Below are some records. Write out the line that contains "Grant-Lee Phillips* : Lightning, Show" and all lines after it, exactly, but not the pictures.

** Opening Extracted entries block **

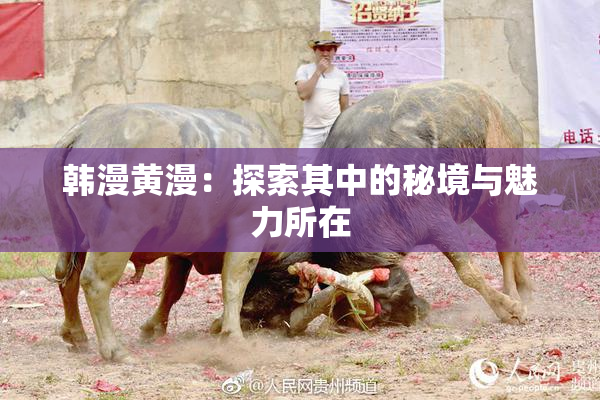 韩漫黄漫：探索其中的秘境与魅力所在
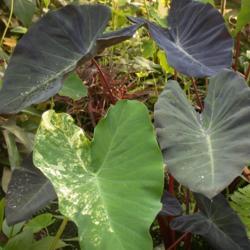Location: My greenhouse, Florida
Date: 4000-06-21
seen here with Colocasia Yellow Splash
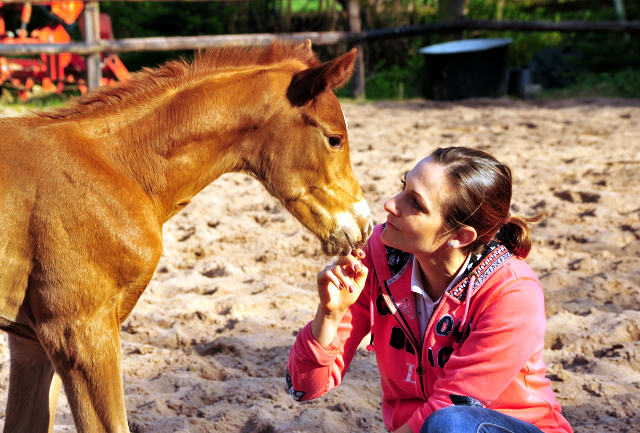 9. April 2017 - Hengstfohlen von High Motion x Caprimond - Foto: Hanke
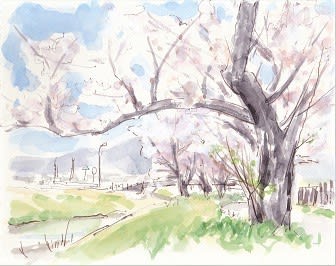 桜を描きに 折々スケッチ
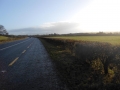 Hedge Cutting and Tree Care 02.jpg
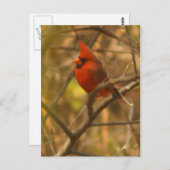 Kardinal-Postkarte Postkarte (Vorne/Hinten)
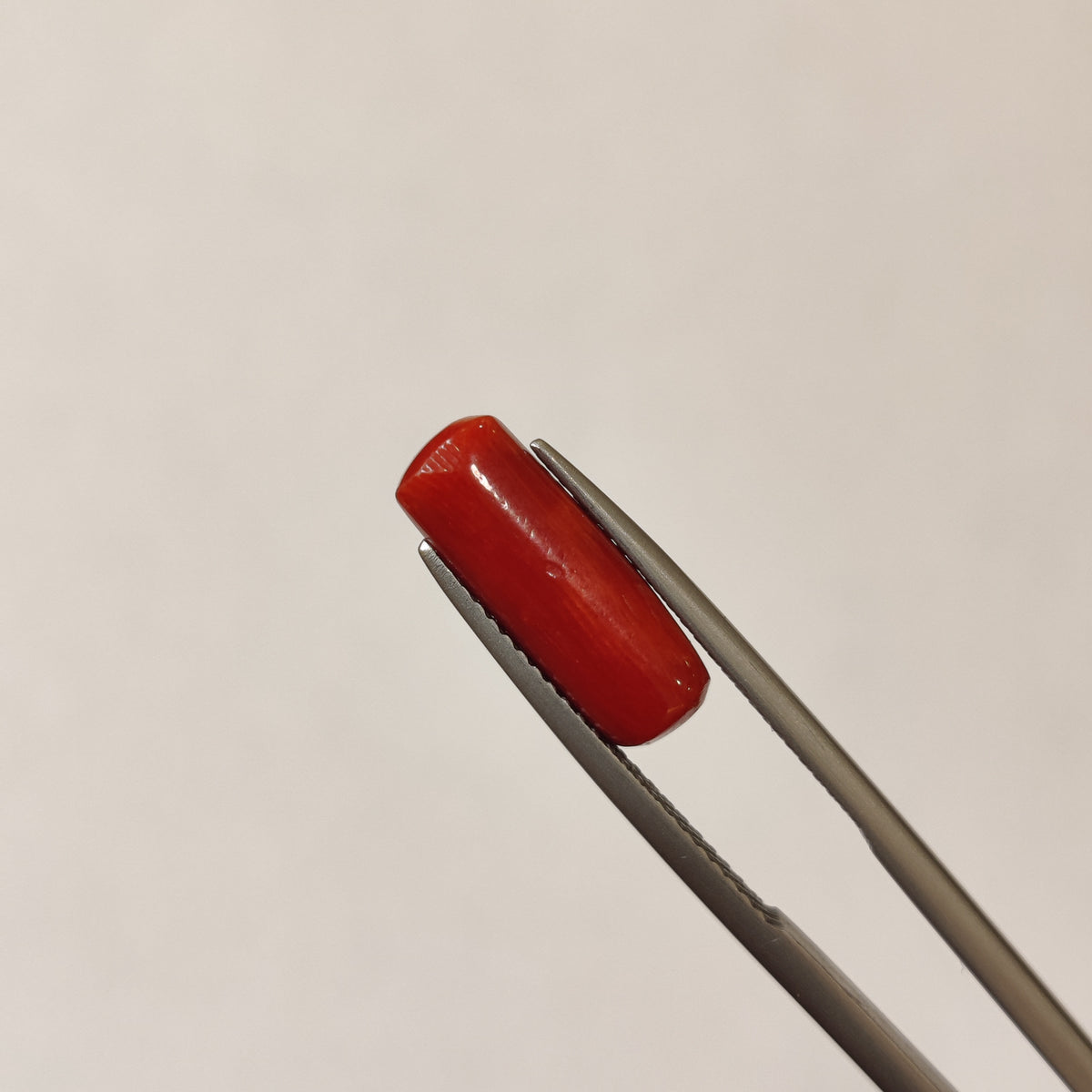 Natural Coral (Moonga) | Coral 112 | 4.06 Carat | Certified
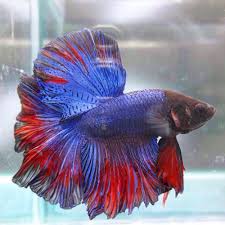 Bisa menghindari stres dan konon memelihara ikan di dalam rumah dipercaya seperti aquarium yang berbentuk kecil atau bulat atau memelihara dalam toples atau botol kecil. Infomina Ingin Memelihara Ikan Tanpa Tambahan Oksigen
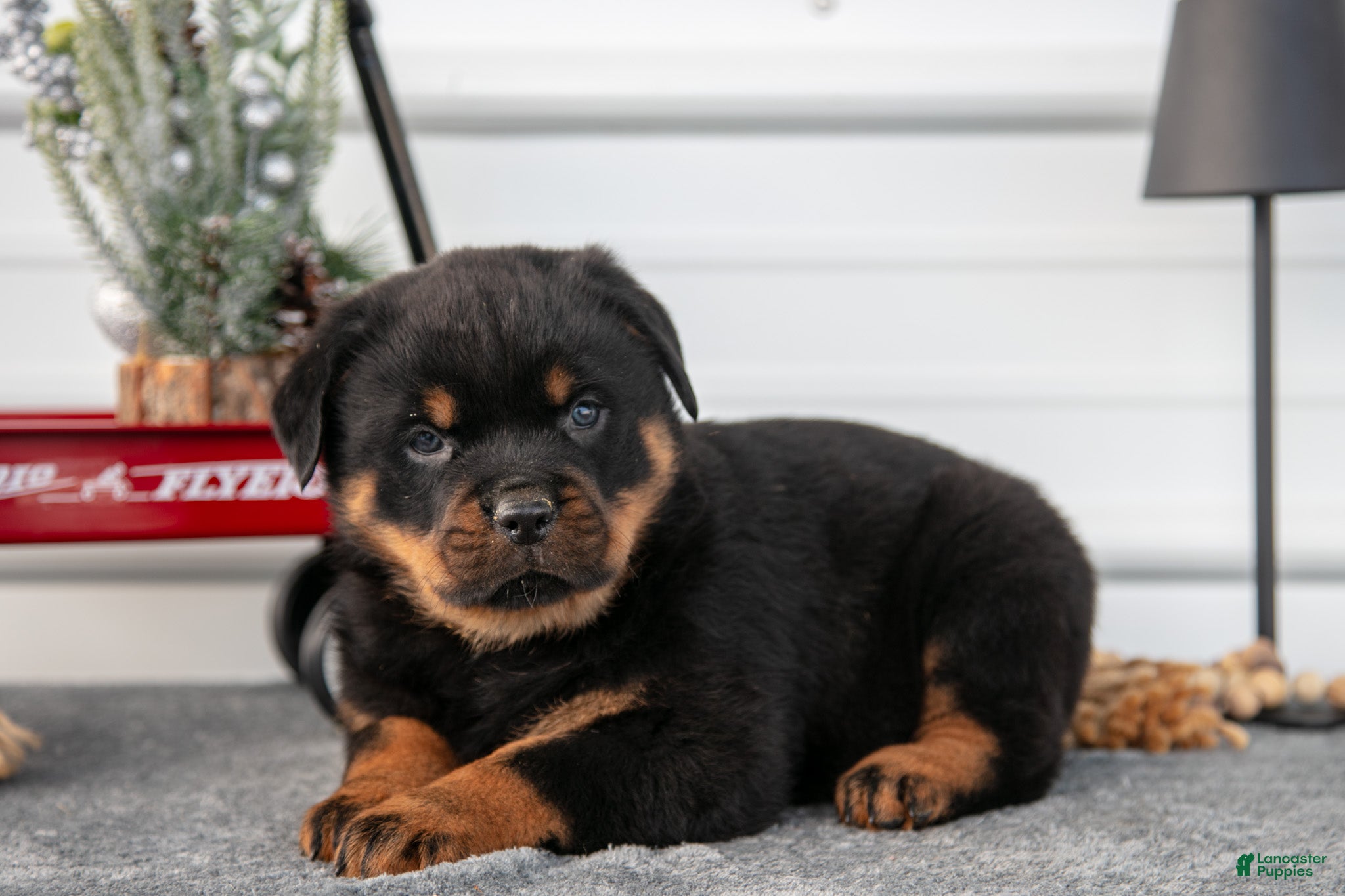 Rottweiler dogs Hudson - Ad 28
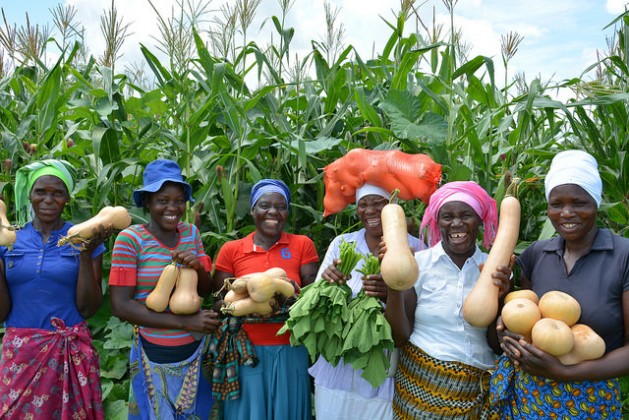 Get formally registered, cooperatives urged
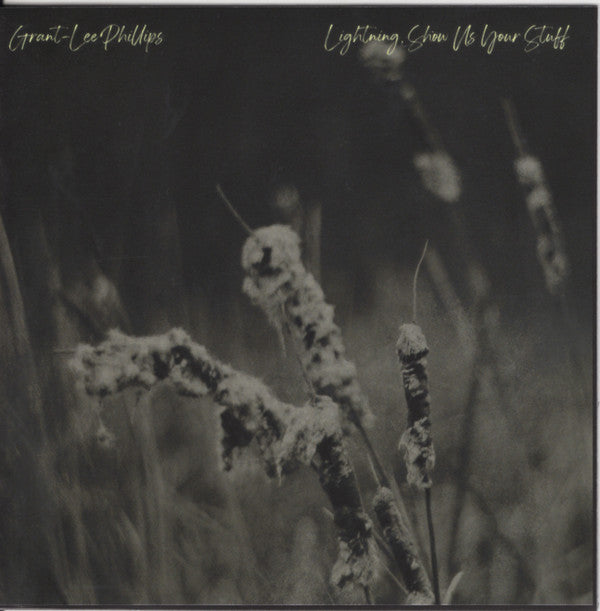 Grant-Lee Phillips* : Lightning, Show Us Your Stuff (CD, Album)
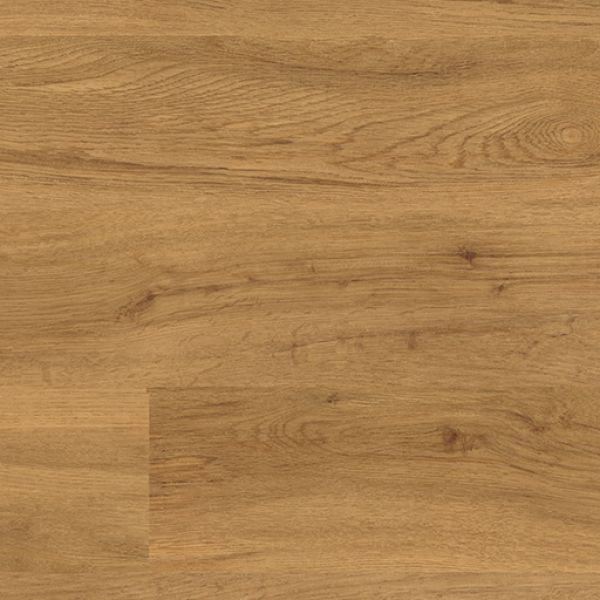 Butternut Oak  4161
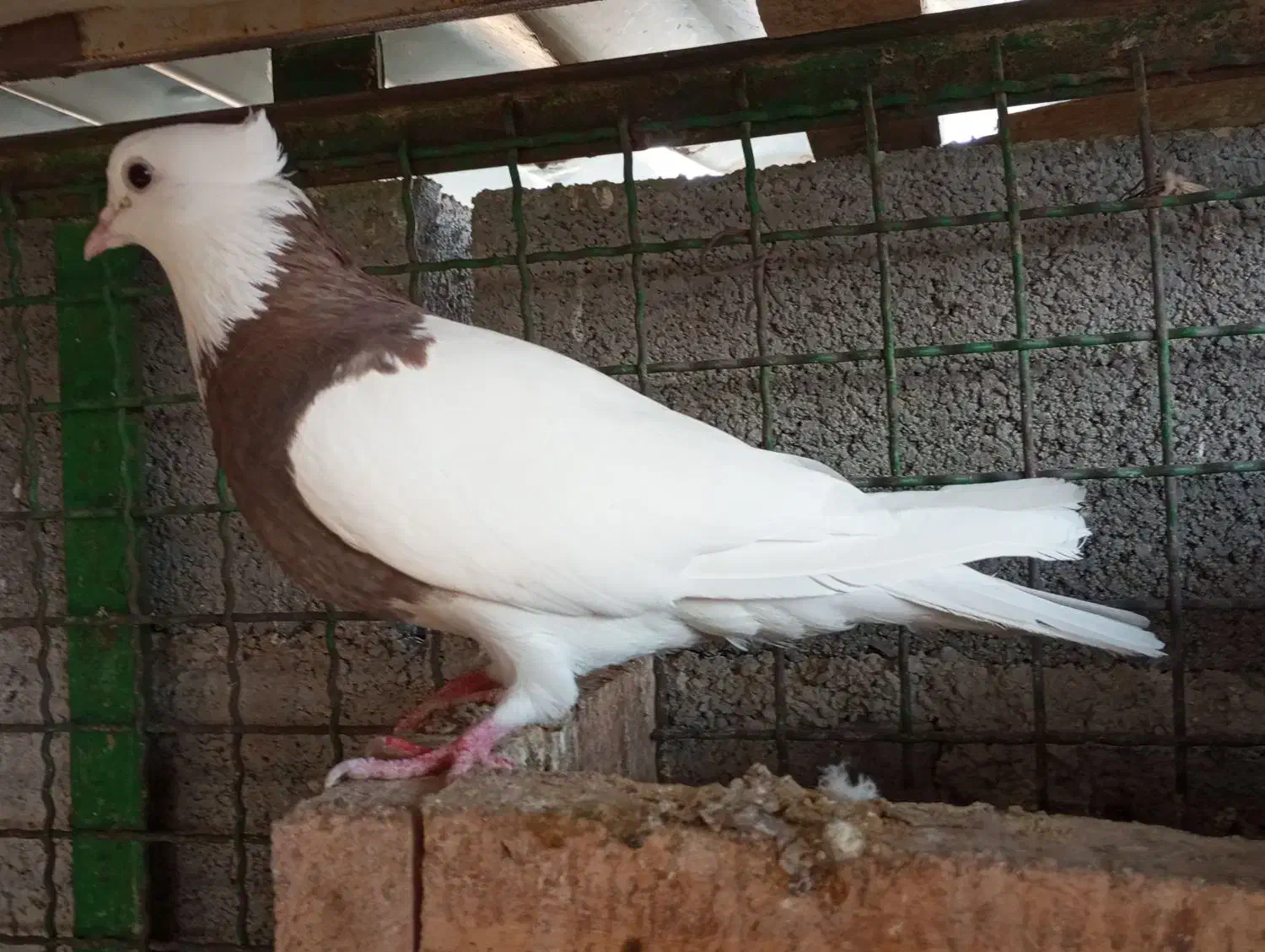 کبوتر طوقی|پرنده|گله دار, |دیوار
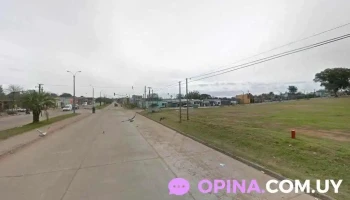 Alta facha _ samu barber - Ruta 8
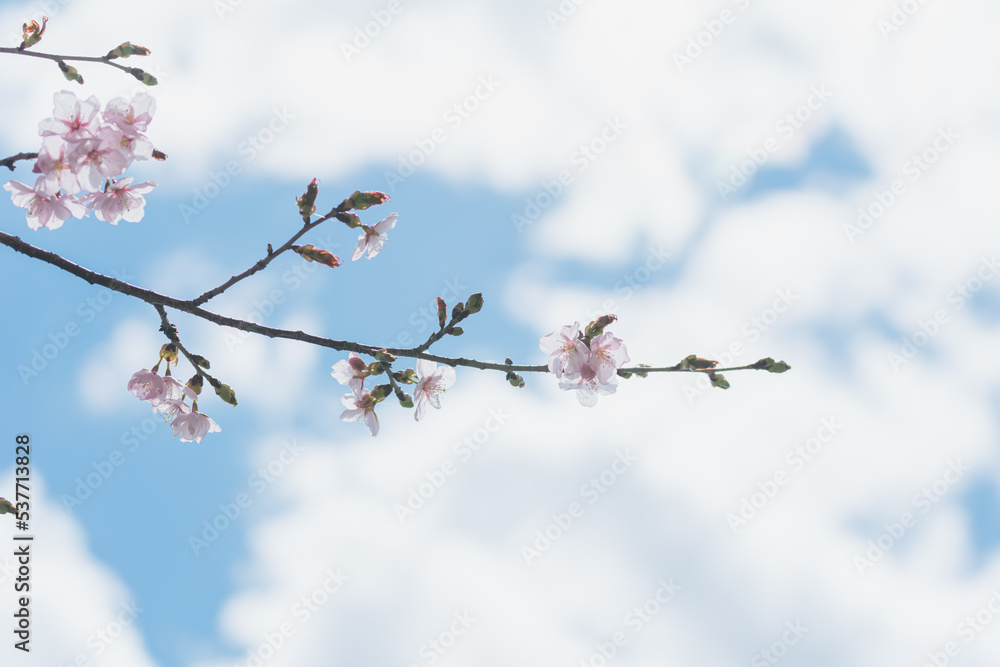 北海道の桜 北海道の桜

** Closing Extracted entries block **

» Written answer
 Grant-Lee Phillips* : Lightning, Show Us Your Stuff (CD, Album)
 Butternut Oak  4161
 کبوتر طوقی|پرنده|گله دار, |دیوار
 Alta facha _ samu barber - Ruta 8
 北海道の桜 北海道の桜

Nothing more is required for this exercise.